ECLI:NL:HR:2003:AF4604
Hoge Raad
- Cassatie
- P. Neleman
- A.E.M. van der Putt-Lauwers
- J.B. Fleers
- D.H. Beukenhorst
- F.B. Bakels
- Rechtspraak.nl
Terugvordering van landbouwuitvoerrestituties door het Productschap Zuil
In deze zaak heeft het Productschap Zuil, vertegenwoordigd door zijn advocaat, een vordering ingesteld tegen Boter Export Holland B.V. (BEH) voor de terugvordering van landbouwuitvoerrestituties. De vordering is ontstaan na de verzending van 2000 ton boter naar de voormalige Duitse Democratische Republiek (DDR) in 1990, waarvoor BEH restituties had aangevraagd. Het Productschap heeft op 4 september 1996 besloten om de eerder uitbetaalde restituties terug te vorderen, wat leidde tot een rechtszaak. BEH heeft de vordering bestreden en in reconventie schadevergoeding geëist, maar de Rechtbank te 's-Hertogenbosch heeft de vordering van het Productschap toegewezen en de vordering van BEH afgewezen. BEH heeft hoger beroep ingesteld, maar het Gerechtshof heeft het vonnis van de Rechtbank bekrachtigd. BEH heeft vervolgens cassatie ingesteld bij de Hoge Raad.

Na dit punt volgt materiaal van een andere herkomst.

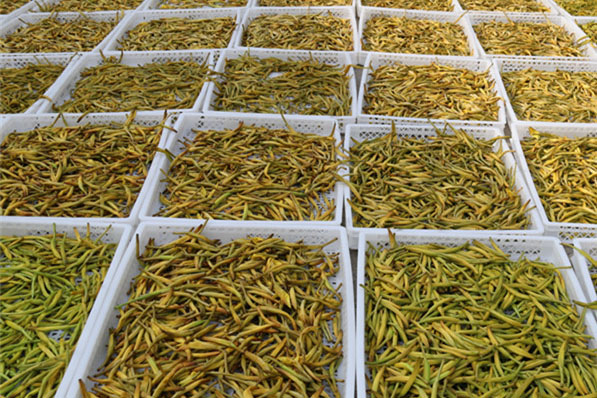 1525656136277562.jpg 4.jpg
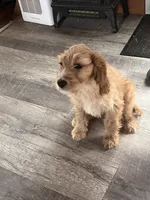 processed/f82e3d30-85d0-45b3-8cce-60f242273a46/listing/a303d663-5123-4cfa-a74c-cc8686ad00cc/cf0d1523-9982-4a6e-b893-0c470666c151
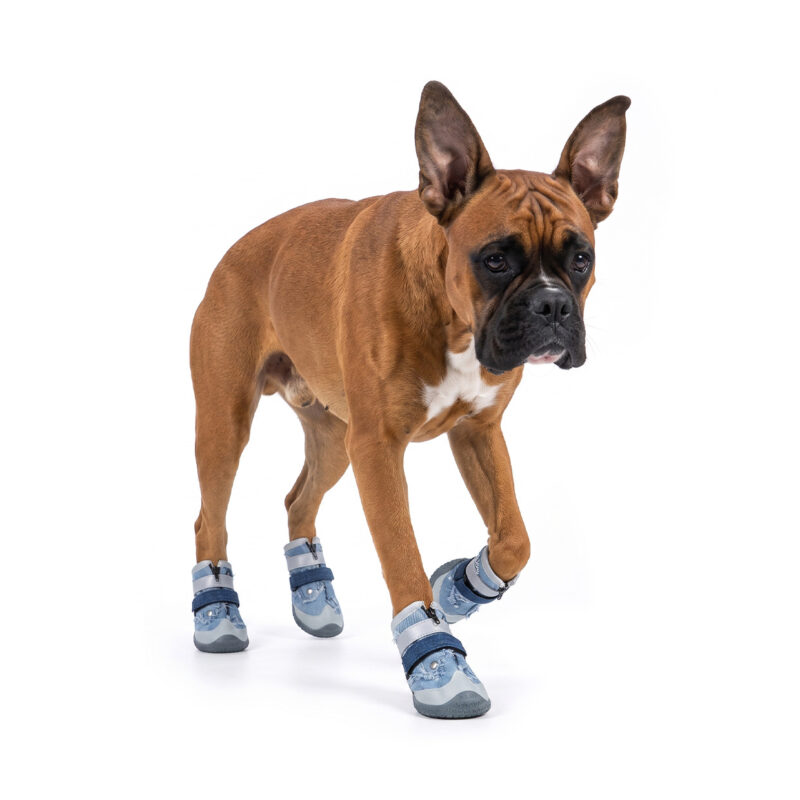 Boxer Dog Dynamic Walking In Dog Shoes That Stay-On Fawn Boxer dog trotting forward confidently wearing denim dog shoes that stay-on securely via zipper closure.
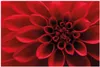 Wallario Wandbild aus Acryl, 90 x 60 cm, freischwebende Produktbild-Vorschau 1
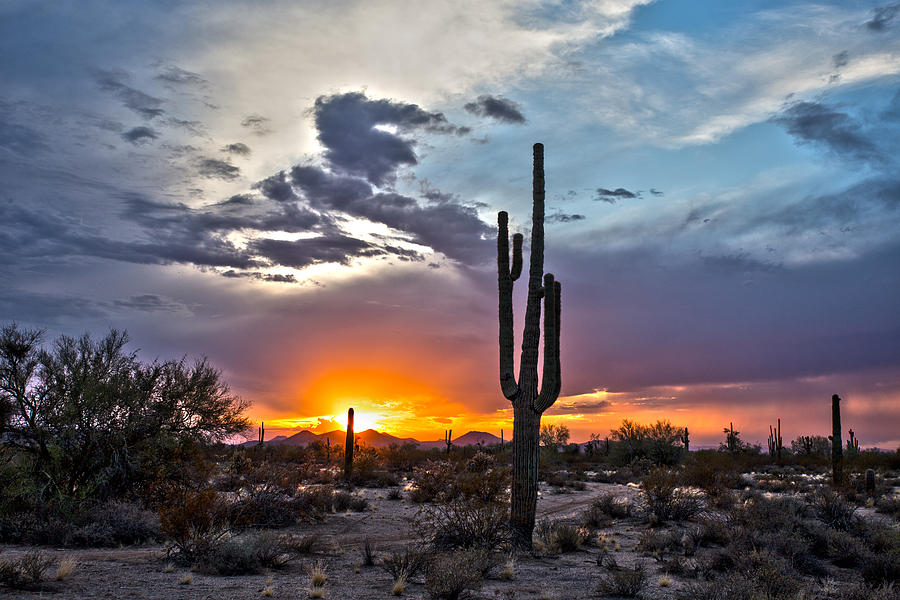 Desert Sunset Journey Photograph by Cathy Franklin | Fine Art America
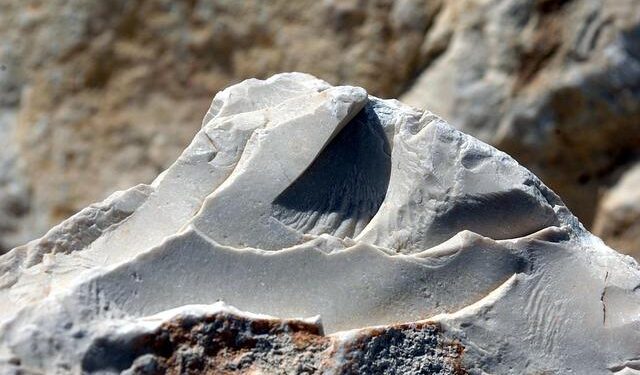 Apex Legends creators announce new PvP FPS game Highguard – Esports Insider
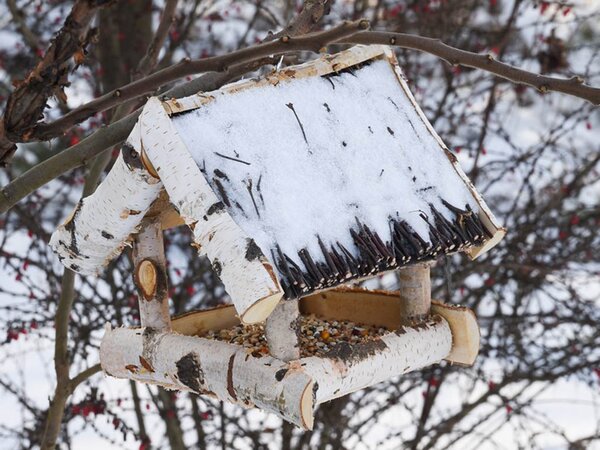 ATMOWOOD Hranilica za ptice od brezovog drva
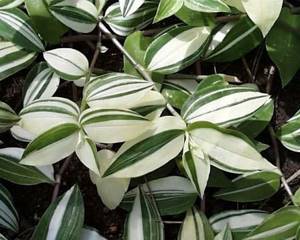 Традесканция приречная Tradescantia fluminensis variegata фото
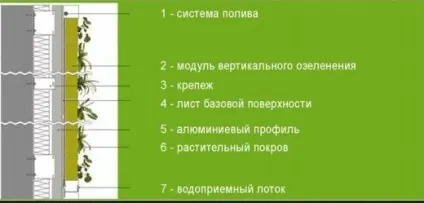 Свіжі бізнес ідеї - вертикальне озеленення в місті і не тільки (бізнес) Свіжі бізнес ідеї - вертикальне озеленення в місті і не тільки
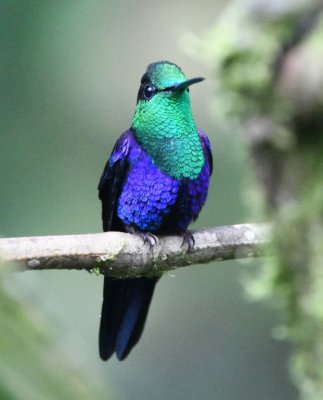 Male Green-crowned Woodnymph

De Hoge Raad heeft de zaak beoordeeld en geconcludeerd dat de vordering van het Productschap niet was verjaard. De Hoge Raad oordeelde dat de verjaringstermijn pas begon te lopen op het moment van het besluit tot terugvordering op 4 september 1996, en niet eerder. De Hoge Raad verwierp de middelen van BEH en bevestigde de beslissing van het Gerechtshof. BEH werd veroordeeld in de kosten van het geding in cassatie, die door de Hoge Raad zijn vastgesteld op een bedrag van € 4.314,18 aan verschotten en € 1.365,-- voor salaris.